- _PROBLEM STATEMENT_
Please return the lines, both ends included, that run from the one containing "Premium Relaxed Hoodie In Dark Grey" to the last line of the data below, exactly and alone.

Short text fragments from websites
Segment Open

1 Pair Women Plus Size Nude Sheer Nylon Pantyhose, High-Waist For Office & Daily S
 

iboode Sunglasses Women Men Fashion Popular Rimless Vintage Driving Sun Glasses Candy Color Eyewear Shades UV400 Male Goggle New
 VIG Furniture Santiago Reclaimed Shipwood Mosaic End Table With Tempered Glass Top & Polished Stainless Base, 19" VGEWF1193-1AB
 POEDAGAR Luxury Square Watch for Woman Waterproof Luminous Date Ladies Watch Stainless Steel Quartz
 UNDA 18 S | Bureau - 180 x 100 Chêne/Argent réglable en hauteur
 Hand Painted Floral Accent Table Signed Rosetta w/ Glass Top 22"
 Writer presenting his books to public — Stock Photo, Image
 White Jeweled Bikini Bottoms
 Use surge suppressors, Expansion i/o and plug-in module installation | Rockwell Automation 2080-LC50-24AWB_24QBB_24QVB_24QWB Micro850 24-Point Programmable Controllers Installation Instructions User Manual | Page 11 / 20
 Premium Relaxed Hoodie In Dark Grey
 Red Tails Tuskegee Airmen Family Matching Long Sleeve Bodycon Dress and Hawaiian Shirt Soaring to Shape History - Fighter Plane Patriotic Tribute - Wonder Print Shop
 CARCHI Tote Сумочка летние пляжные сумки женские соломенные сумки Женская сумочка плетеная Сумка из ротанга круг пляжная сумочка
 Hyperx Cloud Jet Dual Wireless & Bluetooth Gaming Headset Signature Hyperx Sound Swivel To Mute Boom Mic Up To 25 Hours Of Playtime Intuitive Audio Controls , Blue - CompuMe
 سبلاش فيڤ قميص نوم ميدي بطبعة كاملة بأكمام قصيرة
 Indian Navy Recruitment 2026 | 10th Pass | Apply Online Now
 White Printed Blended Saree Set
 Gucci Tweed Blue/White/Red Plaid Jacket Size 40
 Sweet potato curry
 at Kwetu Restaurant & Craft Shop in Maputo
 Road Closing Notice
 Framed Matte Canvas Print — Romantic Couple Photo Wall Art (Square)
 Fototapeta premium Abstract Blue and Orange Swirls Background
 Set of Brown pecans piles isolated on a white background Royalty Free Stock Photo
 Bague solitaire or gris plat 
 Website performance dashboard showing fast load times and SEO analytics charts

Segment Closed

- _TASK RESULT_
 Premium Relaxed Hoodie In Dark Grey
 Red Tails Tuskegee Airmen Family Matching Long Sleeve Bodycon Dress and Hawaiian Shirt Soaring to Shape History - Fighter Plane Patriotic Tribute - Wonder Print Shop
 CARCHI Tote Сумочка летние пляжные сумки женские соломенные сумки Женская сумочка плетеная Сумка из ротанга круг пляжная сумочка
 Hyperx Cloud Jet Dual Wireless & Bluetooth Gaming Headset Signature Hyperx Sound Swivel To Mute Boom Mic Up To 25 Hours Of Playtime Intuitive Audio Controls , Blue - CompuMe
 سبلاش فيڤ قميص نوم ميدي بطبعة كاملة بأكمام قصيرة
 Indian Navy Recruitment 2026 | 10th Pass | Apply Online Now
 White Printed Blended Saree Set
 Gucci Tweed Blue/White/Red Plaid Jacket Size 40
 Sweet potato curry
 at Kwetu Restaurant & Craft Shop in Maputo
 Road Closing Notice
 Framed Matte Canvas Print — Romantic Couple Photo Wall Art (Square)
 Fototapeta premium Abstract Blue and Orange Swirls Background
 Set of Brown pecans piles isolated on a white background Royalty Free Stock Photo
 Bague solitaire or gris plat 
 Website performance dashboard showing fast load times and SEO analytics charts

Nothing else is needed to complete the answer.